Task instructions:
Repeat exactly, and only, the lines of the entries below from the one with "Italian School Oil" through the one with "Service Animal ID Card Template InDesign", both ends included.

Input records:
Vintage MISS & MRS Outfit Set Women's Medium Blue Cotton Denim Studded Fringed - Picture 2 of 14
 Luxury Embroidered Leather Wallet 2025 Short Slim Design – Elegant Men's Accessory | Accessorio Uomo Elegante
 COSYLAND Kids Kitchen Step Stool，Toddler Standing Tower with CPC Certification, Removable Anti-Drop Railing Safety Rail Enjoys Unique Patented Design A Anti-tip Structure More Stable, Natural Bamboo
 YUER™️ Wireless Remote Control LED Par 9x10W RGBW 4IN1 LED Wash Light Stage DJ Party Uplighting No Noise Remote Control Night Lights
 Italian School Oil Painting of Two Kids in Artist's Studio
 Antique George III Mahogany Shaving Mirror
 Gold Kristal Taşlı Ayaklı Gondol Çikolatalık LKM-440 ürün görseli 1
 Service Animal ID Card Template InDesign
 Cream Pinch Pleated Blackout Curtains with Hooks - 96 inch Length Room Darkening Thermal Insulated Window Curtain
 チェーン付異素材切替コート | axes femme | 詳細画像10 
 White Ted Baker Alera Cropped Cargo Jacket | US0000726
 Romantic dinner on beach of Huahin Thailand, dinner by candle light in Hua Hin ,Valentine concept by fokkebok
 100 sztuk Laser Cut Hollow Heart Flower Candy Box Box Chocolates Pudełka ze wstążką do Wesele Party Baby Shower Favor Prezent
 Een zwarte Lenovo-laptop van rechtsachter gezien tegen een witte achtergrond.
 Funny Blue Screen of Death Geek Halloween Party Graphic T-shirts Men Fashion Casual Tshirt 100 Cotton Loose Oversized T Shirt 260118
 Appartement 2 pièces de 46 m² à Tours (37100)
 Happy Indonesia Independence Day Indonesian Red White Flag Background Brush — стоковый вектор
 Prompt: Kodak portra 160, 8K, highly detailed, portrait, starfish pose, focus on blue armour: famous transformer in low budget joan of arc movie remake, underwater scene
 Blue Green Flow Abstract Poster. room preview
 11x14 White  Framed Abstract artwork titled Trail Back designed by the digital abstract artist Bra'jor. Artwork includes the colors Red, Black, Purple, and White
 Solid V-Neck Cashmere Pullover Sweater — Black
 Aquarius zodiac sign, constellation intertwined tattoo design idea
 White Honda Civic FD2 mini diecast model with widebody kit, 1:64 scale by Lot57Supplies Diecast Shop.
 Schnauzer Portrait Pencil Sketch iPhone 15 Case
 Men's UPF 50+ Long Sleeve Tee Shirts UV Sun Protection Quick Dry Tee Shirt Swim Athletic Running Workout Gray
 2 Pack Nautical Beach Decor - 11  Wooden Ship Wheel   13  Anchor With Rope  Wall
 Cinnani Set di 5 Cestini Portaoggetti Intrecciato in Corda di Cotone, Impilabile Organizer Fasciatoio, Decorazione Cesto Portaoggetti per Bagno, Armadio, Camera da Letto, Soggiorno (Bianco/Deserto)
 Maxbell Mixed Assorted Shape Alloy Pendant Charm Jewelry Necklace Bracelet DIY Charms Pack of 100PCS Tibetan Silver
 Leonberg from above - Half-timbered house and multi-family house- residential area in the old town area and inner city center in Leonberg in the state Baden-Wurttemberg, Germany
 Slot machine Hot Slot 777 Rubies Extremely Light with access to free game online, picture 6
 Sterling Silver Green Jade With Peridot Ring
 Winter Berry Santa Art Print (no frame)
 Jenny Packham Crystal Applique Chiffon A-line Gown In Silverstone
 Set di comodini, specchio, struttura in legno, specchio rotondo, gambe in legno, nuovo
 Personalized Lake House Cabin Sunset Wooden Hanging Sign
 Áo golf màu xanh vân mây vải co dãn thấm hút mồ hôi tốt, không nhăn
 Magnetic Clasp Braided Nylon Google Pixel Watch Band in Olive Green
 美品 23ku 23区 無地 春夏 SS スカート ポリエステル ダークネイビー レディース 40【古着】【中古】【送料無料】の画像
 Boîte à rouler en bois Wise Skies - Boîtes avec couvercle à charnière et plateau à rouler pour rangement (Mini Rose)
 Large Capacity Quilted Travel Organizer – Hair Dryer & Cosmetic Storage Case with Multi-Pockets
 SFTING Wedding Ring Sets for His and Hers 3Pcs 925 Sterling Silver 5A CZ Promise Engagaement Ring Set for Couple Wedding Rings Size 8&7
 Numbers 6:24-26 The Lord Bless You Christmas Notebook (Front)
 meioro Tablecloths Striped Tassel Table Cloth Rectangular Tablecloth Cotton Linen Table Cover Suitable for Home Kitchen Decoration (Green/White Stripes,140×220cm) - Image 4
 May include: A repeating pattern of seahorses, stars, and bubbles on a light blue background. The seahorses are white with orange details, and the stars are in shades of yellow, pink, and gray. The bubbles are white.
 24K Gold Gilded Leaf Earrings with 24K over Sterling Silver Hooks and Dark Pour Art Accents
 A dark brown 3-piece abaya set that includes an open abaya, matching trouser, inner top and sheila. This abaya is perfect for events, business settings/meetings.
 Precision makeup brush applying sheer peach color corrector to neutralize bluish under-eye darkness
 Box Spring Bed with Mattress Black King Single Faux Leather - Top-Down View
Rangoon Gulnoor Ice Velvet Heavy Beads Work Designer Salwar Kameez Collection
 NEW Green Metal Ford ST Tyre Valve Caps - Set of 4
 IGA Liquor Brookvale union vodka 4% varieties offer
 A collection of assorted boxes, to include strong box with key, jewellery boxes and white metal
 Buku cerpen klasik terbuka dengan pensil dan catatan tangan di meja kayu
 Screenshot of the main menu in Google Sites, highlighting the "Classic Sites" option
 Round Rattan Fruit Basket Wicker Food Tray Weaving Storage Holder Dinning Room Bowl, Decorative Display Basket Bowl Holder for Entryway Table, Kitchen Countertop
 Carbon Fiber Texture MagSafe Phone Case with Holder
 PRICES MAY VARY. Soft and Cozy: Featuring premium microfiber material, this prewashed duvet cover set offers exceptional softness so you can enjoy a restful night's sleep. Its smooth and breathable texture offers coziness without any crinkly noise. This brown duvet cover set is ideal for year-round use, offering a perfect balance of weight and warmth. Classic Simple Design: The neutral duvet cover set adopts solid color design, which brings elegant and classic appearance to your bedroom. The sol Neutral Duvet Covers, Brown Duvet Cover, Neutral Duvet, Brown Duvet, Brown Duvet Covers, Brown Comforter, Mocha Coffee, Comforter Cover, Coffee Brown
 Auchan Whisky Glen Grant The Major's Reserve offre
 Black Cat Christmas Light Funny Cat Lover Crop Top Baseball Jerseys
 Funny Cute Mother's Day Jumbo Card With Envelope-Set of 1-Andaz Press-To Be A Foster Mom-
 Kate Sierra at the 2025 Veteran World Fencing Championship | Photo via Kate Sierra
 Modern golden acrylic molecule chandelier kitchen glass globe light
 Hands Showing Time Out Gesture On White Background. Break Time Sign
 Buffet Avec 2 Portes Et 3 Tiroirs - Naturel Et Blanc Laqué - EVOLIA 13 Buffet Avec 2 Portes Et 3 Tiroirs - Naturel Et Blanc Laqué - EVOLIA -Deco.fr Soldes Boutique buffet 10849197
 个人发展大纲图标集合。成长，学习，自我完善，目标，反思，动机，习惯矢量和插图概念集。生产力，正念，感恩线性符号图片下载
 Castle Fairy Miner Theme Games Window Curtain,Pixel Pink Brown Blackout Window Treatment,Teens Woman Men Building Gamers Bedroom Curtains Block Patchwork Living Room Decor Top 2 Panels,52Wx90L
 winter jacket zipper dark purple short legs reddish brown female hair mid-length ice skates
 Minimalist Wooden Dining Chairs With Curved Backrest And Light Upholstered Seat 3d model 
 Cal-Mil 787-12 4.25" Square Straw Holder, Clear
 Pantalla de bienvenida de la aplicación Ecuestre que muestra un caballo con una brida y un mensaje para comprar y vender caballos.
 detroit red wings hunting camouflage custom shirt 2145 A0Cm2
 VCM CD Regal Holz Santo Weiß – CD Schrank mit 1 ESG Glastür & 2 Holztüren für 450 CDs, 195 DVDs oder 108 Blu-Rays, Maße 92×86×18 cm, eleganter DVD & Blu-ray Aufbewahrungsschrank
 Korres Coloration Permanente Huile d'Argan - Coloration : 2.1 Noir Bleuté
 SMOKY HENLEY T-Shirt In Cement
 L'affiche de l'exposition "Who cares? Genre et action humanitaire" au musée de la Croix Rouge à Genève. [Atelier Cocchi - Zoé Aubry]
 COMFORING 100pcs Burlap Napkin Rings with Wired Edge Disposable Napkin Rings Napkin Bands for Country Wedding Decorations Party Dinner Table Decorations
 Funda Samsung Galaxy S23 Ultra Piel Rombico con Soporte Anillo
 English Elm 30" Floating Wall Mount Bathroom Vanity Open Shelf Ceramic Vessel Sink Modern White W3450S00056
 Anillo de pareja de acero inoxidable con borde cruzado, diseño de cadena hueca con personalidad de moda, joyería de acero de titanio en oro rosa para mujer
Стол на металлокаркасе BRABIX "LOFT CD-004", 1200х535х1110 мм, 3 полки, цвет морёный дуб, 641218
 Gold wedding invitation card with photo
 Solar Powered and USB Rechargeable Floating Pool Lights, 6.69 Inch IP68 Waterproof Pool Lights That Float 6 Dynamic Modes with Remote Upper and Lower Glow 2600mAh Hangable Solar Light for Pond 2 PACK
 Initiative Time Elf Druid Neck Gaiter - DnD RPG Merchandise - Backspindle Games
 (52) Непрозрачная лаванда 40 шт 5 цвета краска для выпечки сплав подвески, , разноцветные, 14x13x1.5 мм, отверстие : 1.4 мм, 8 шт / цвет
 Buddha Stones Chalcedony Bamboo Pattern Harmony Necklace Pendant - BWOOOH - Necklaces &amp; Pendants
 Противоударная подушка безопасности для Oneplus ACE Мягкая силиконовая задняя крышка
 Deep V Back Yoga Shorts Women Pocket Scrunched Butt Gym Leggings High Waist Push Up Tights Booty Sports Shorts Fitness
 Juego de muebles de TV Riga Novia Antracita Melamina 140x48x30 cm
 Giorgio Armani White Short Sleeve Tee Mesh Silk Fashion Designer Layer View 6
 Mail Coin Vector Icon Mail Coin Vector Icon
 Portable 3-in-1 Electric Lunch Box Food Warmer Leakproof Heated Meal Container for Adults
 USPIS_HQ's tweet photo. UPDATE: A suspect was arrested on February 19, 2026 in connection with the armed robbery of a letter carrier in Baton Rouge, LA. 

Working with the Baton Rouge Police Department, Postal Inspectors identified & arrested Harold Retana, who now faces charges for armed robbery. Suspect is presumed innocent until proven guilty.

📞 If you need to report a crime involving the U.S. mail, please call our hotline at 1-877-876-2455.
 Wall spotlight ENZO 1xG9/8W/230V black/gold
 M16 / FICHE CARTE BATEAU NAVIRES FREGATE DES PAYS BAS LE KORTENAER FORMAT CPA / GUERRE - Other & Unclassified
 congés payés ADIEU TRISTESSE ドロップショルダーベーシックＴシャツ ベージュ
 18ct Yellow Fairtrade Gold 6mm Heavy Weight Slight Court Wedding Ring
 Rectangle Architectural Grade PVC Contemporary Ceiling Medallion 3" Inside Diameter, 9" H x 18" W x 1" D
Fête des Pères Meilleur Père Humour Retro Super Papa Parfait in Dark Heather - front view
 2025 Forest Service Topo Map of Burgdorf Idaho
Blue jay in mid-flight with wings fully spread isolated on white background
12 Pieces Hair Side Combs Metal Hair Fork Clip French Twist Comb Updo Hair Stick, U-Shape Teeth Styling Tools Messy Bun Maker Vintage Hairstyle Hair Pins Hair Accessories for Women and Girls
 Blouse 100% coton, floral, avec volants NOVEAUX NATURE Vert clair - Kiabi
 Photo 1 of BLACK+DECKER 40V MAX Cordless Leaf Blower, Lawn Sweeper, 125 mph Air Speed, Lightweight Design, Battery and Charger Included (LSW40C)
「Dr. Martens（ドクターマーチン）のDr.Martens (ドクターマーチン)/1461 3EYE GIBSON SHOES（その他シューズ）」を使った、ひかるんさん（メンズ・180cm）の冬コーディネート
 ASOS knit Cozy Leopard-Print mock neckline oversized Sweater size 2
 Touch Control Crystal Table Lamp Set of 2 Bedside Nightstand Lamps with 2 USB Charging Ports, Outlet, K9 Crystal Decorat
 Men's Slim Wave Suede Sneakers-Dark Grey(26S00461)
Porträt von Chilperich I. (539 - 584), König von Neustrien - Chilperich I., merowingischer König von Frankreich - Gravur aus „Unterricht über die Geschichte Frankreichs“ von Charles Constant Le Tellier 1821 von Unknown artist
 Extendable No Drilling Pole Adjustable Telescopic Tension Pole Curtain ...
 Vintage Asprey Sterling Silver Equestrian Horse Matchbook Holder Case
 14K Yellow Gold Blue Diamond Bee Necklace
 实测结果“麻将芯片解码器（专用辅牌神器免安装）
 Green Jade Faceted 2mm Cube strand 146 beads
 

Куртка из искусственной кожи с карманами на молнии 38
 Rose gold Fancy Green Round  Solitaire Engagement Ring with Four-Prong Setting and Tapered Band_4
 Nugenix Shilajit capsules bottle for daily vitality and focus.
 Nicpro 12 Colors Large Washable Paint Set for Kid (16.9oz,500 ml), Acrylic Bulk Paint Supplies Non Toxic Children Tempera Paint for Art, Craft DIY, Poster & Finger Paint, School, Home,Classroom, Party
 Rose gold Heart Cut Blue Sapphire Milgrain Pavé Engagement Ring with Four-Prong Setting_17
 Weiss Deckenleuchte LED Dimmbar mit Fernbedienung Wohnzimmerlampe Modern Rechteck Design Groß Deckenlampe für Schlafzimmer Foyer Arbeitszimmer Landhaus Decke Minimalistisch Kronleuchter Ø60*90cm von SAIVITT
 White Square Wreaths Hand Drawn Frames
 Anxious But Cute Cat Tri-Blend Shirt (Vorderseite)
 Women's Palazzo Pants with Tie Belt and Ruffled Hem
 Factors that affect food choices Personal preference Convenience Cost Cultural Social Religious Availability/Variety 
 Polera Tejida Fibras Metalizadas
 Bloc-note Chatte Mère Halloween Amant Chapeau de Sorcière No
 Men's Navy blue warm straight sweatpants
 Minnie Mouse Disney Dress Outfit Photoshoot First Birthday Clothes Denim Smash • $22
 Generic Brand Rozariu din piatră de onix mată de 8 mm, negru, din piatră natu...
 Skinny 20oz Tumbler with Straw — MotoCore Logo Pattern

Completed exercise:
 Italian School Oil Painting of Two Kids in Artist's Studio
 Antique George III Mahogany Shaving Mirror
 Gold Kristal Taşlı Ayaklı Gondol Çikolatalık LKM-440 ürün görseli 1
 Service Animal ID Card Template InDesign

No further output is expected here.